Text und Fotos: TiDPress
Matera – Viele Leute haben sich am Abend auf dem zentralen Platz von Matera versammelt, doch sie gehen nicht spazieren, wie es sich hier im Sommer gehört. Sie stehen und warten. Punkt neun Uhr wird die „luminarie“, die Festbeleuchtung, angeschaltet. Die Musik ist das „Ave Maria“, da das Fest „della Bruna“ der gleichnamige Madonna zu Ehren gefeiert wird. Doch gleich im Anschluss tönt aus den Lautsprechern, zu einem spektakulären Lichtspiel, „An die Freude“. Europa ist nun in Matera auch zwischen die Bewohner tief eingedrungen. Ich kann nicht meine persönliche Freude leugnen: Es ist vielleicht nur ein Moment, aber das europäische Zugehörigkeitsgefühl ist groß. Es ist nicht leicht, gerade in dieser historischen Periode, die europäische Kulturhauptstadt 2019 zu sein. Vor einige Stunden hatte ich die Ausstellung „Memori“ besichtigt, ein kompliziertes Projekt, das alle möglichen Objekte, die an den Küsten des Mittelmeers vorgefunden worden sind, zeigt und habe dabei gedacht: Man spricht viel, aber man bleibt irgendwie in einer graue Zone. Parallelen zu Europa tauchen sofort auf. Doch Matera hat eine Trumpfkarte: es ist einfach wunderschön. Eigentlich bräuchte es nichts anderes als sich selbst, um allen Besuchern tiefe Emotionen zu bescheren.
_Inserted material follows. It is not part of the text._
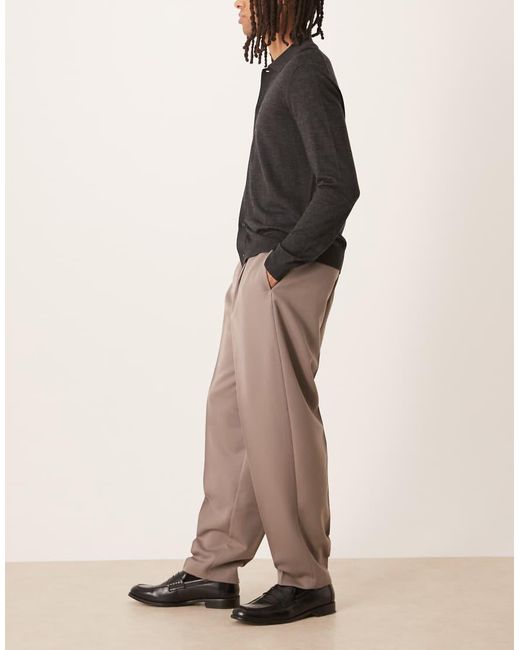 Pantalones De Vestir De Corte Tapered Extragrande Con Pinzas Delanteras Y Cinturilla Elástica De ASOS de hombre de color Brown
Die „Sassi“, die in den Fels gehauenen Häuser, scheinen vom Aussichtspunkt direkt vor der Stadt, im „Parco della Murgia Materana“, mit weit geöffnete „Augen“ all ihre Verwunderung auszudrücken. Vor den vielen Touristen, die fasziniert auf diese Aussicht blicken und vielleicht auch vor ihrer Stadt. Nach einem Spaziergang durch das kahle, besondere Gebiet entschied ich mich, den „Parco delle cave della palomba“ zu besichtigen. In diesem ehemaligen Tuffsteinbruch sind bereits die hohen, tief eingeritzten Wände ein Kunstwerk. Dazu kommen zeitgenössische Skulpturen aus Stein und Eisen, die den Tuffsteinbruch zum Freilichtmuseum machen. Am späten Nachmittag wird der Besuch dort von einem Vogelgezwitscher-Konzert begleitet und da einige der Skulpturen gerade Vögel als Subjekt haben, scheint das extra organisiert zu sein. Im neu gestalten Ausstellungsraum ist die I-DEA, ein vielseitiges Programm, das Objekte aus den Archiven der Region und Videos zeigt.
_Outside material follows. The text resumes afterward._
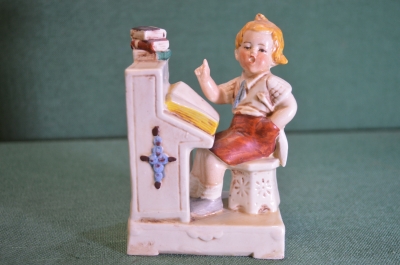 Статуэтка, фигурка фарфоровая "Мальчик за уроками". Фарфор. Германия.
Matera bereitet sich auf den Abend vor: Im alten Viertel der „Sassi“, wo sich jetzt auch schöne Hotels und Restaurants befinden, gehen kleine gelbe Lichter an. Ich lasse mich einfach „an der Hand nehmen“ und steige vorsichtig die steinerne Treppe hinunter. Matera ist wie eine warme Umarmung, die das Herz und den Verstand beruhigt. Seine Schönheit besteht aus archaische Formen, einer angeborenen Harmonie und einer magischen Stille. Durch kleine, sich schlängelnde Gassen spaziere ich ohne Ziel, nur um den ganzen Zauber einzuatmen. Irgendwann bringt mich mein Weg wieder auf modernere und belebte Straßen. Vor einer Kirche spielen einige Kinder mit viel Lärm. Ich trete in San Giovanni Battista ein, nur um festzustellen, dass die Kirchen in Matera nicht nur eine wunderschöne Fassade haben. Ich blicke auf die steinerne Decke und habe den Eindruck, das Gewölbe würde sich in einem sanften Tanz hin und her bewegen. Wenn ich eine zusätzliche Bestätigung suchte, wie lebendig diese Stadt ist, habe ich sie auch in meiner Fantasie gefunden.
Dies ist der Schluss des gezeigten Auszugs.